» **Goal of the exercise**: From the first line to the last, repeat the records exactly and skip the pictures.

» **Input data**:
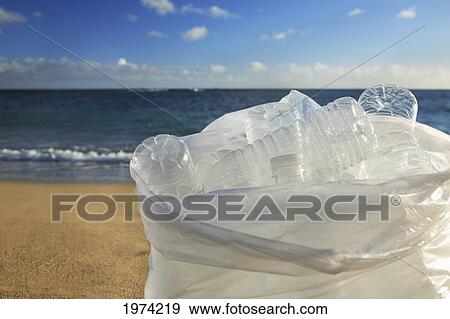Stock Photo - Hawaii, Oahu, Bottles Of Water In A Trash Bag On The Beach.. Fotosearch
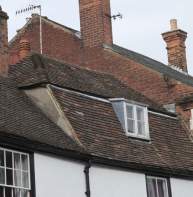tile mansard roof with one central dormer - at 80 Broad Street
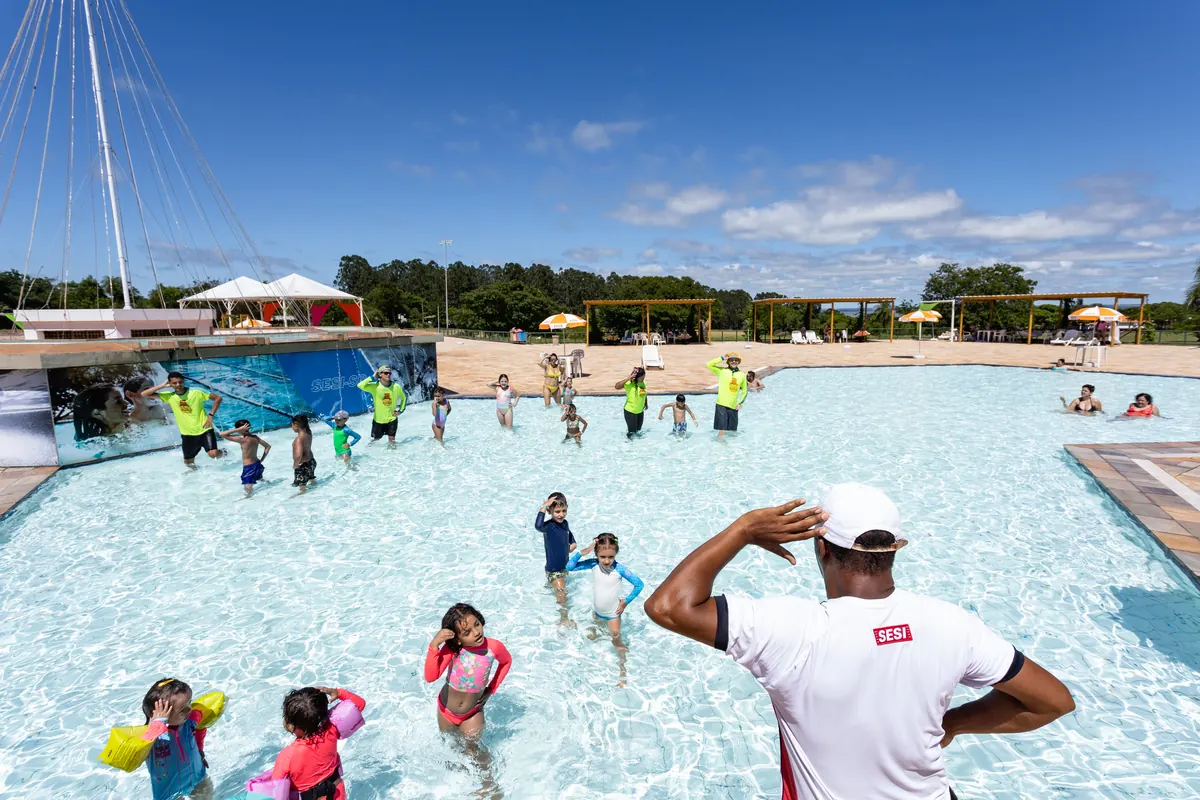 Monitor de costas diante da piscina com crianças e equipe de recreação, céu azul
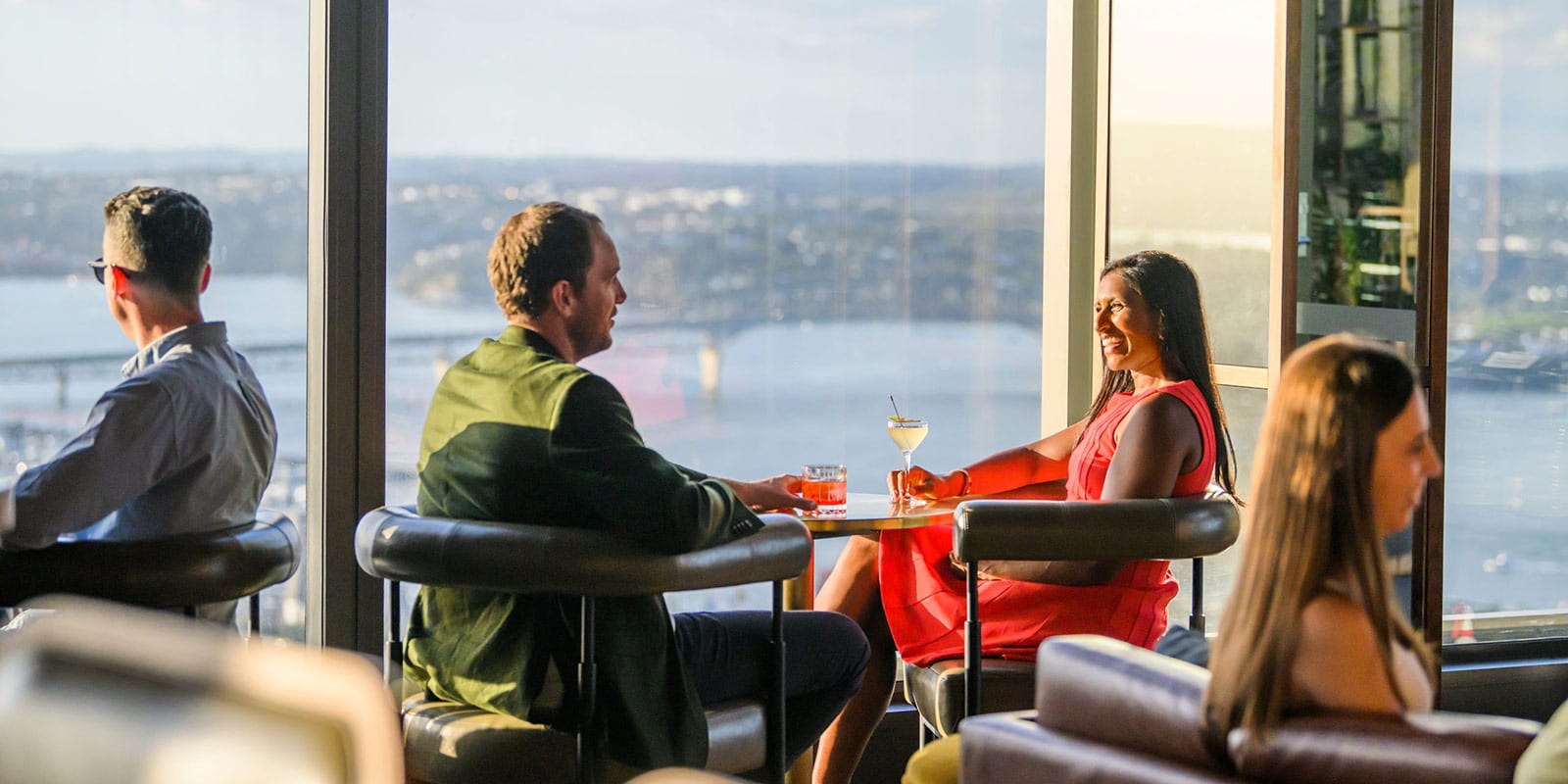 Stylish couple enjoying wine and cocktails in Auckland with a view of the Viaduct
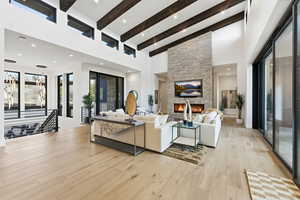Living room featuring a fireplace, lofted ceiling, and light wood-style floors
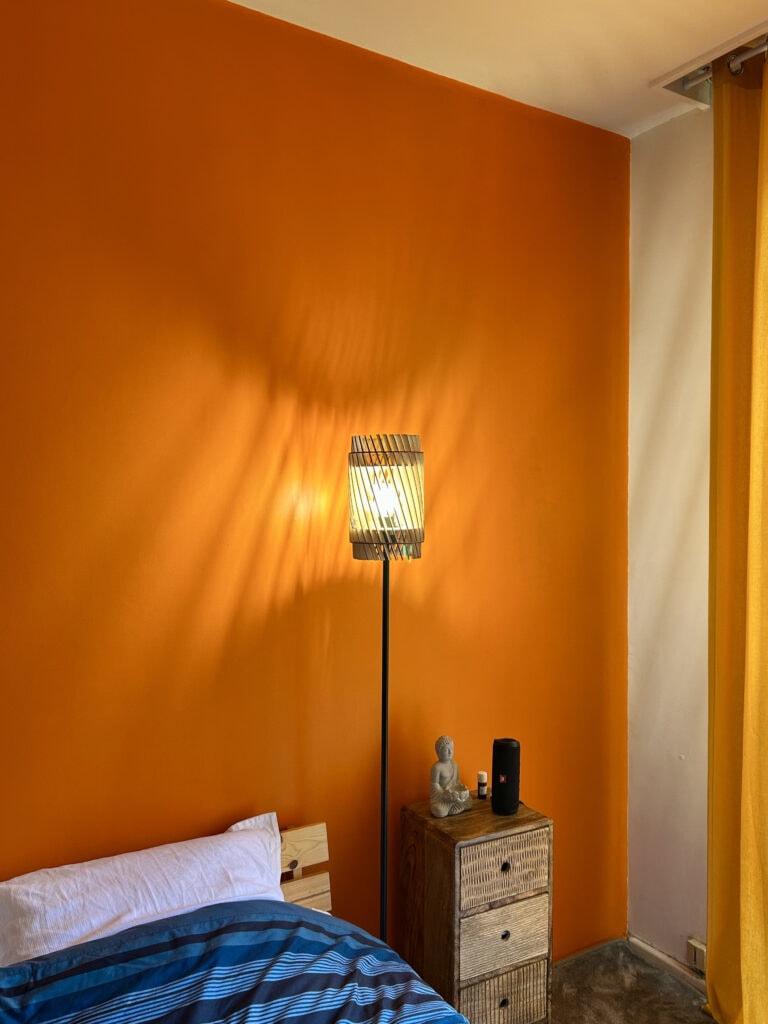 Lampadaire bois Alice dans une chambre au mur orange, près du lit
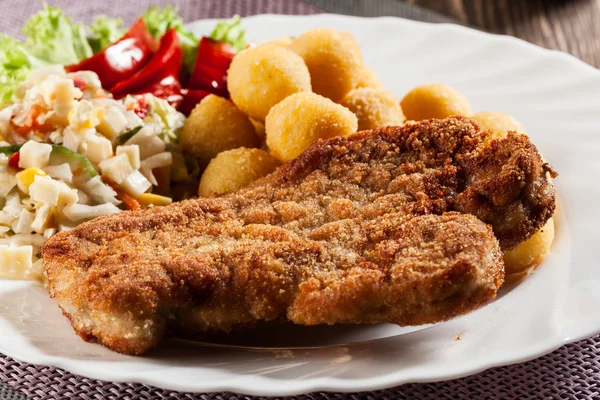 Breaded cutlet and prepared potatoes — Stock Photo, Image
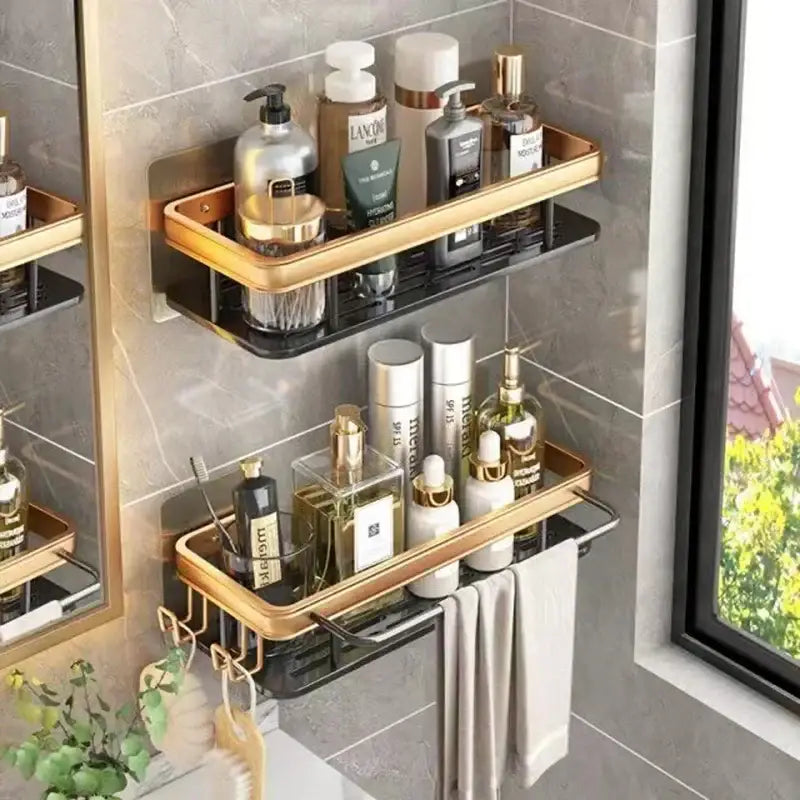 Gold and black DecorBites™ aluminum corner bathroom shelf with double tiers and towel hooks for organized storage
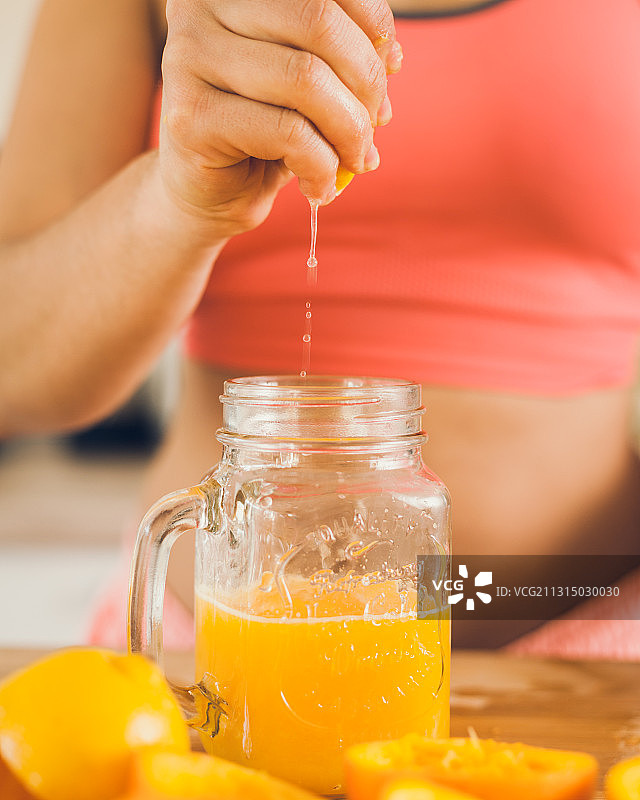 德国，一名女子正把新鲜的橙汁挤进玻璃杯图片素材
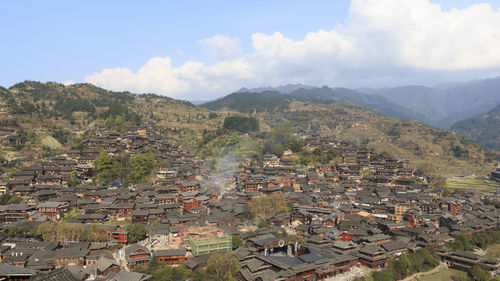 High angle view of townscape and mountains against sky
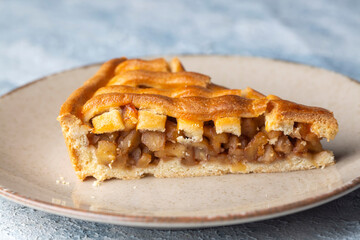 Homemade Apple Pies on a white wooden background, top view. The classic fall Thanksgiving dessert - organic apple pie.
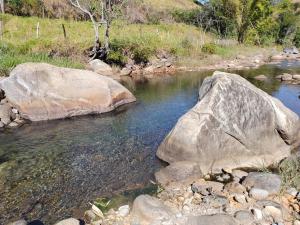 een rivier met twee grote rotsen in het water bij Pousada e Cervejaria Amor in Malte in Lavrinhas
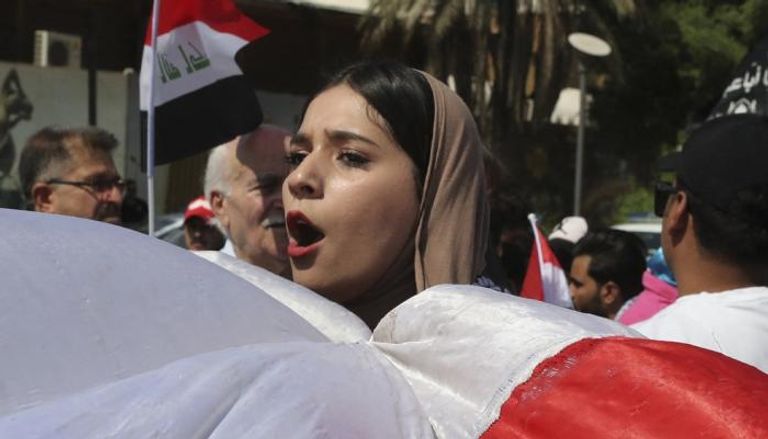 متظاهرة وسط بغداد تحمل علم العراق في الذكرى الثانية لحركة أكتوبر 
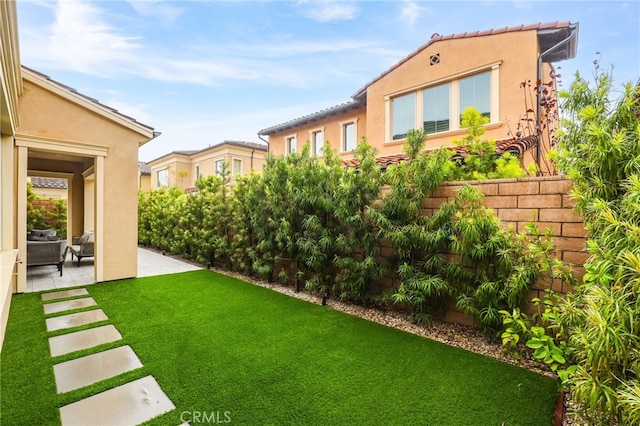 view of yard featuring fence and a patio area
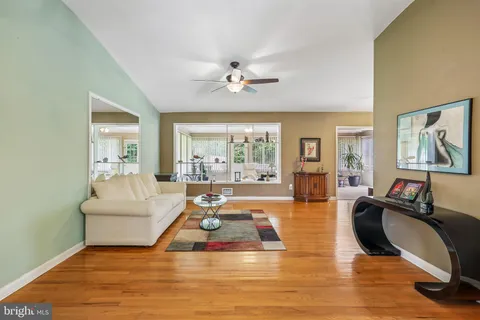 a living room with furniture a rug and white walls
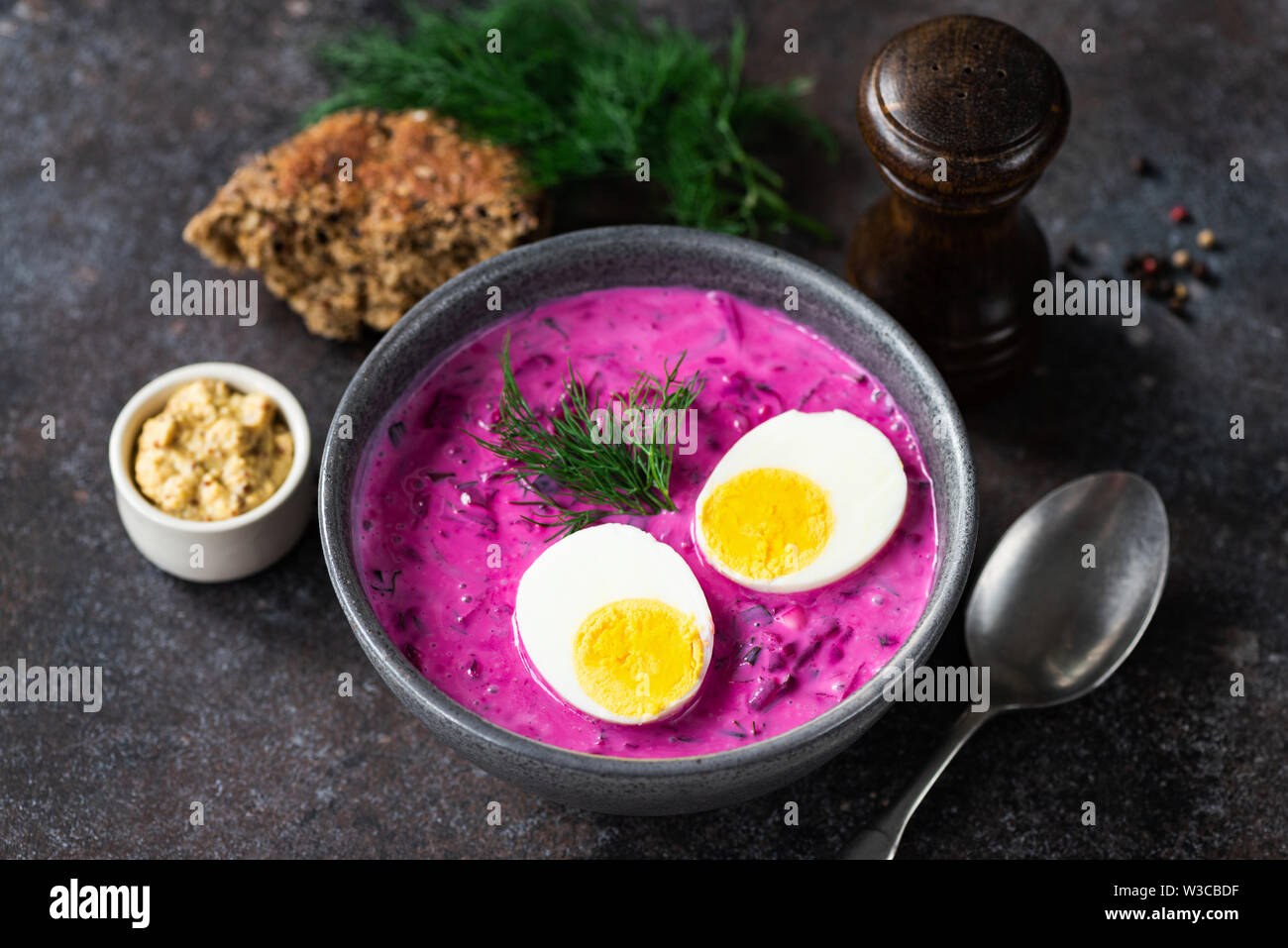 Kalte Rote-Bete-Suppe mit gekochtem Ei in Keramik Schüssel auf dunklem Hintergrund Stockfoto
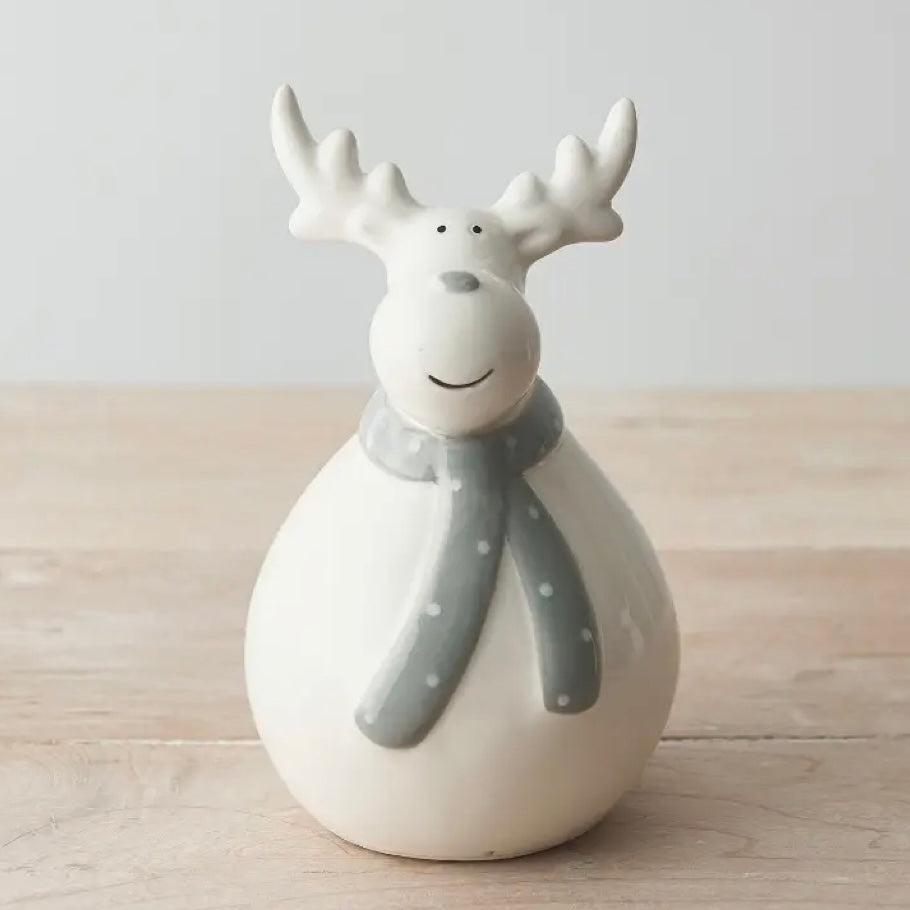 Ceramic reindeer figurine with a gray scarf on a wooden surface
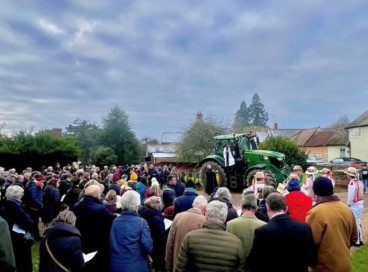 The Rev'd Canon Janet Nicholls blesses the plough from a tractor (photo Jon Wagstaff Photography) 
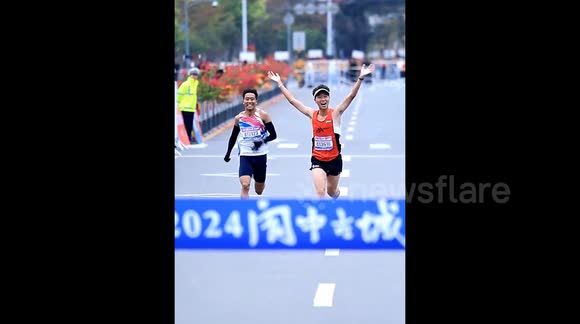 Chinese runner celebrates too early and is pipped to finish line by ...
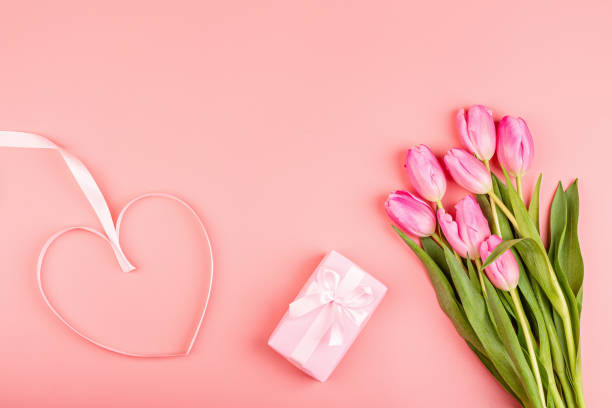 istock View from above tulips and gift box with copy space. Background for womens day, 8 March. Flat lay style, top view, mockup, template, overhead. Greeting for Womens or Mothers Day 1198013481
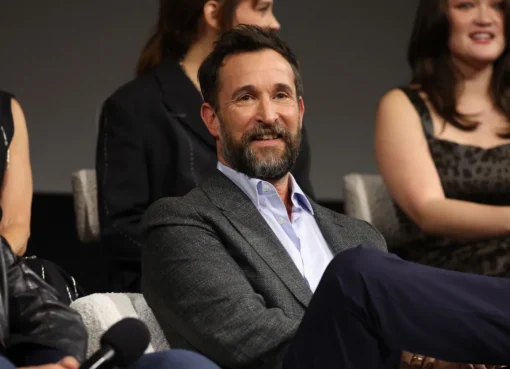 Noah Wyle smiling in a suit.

» **Exercise answer**:
Stock Photo - Hawaii, Oahu, Bottles Of Water In A Trash Bag On The Beach.. Fotosearch
tile mansard roof with one central dormer - at 80 Broad Street
 Monitor de costas diante da piscina com crianças e equipe de recreação, céu azul
 Stylish couple enjoying wine and cocktails in Auckland with a view of the Viaduct
Living room featuring a fireplace, lofted ceiling, and light wood-style floors
 Lampadaire bois Alice dans une chambre au mur orange, près du lit
 Breaded cutlet and prepared potatoes — Stock Photo, Image
 Gold and black DecorBites™ aluminum corner bathroom shelf with double tiers and towel hooks for organized storage
 德国，一名女子正把新鲜的橙汁挤进玻璃杯图片素材
 High angle view of townscape and mountains against sky
 Homemade Apple Pies on a white wooden background, top view. The classic fall Thanksgiving dessert - organic apple pie.
 een rivier met twee grote rotsen in het water bij Pousada e Cervejaria Amor in Malte in Lavrinhas
 متظاهرة وسط بغداد تحمل علم العراق في الذكرى الثانية لحركة أكتوبر 
 view of yard featuring fence and a patio area
 a living room with furniture a rug and white walls
 Kalte Rote-Bete-Suppe mit gekochtem Ei in Keramik Schüssel auf dunklem Hintergrund Stockfoto
 Ceramic reindeer figurine with a gray scarf on a wooden surface
 The Rev'd Canon Janet Nicholls blesses the plough from a tractor (photo Jon Wagstaff Photography) 
 Chinese runner celebrates too early and is pipped to finish line by ...
 istock View from above tulips and gift box with copy space. Background for womens day, 8 March. Flat lay style, top view, mockup, template, overhead. Greeting for Womens or Mothers Day 1198013481
 Noah Wyle smiling in a suit.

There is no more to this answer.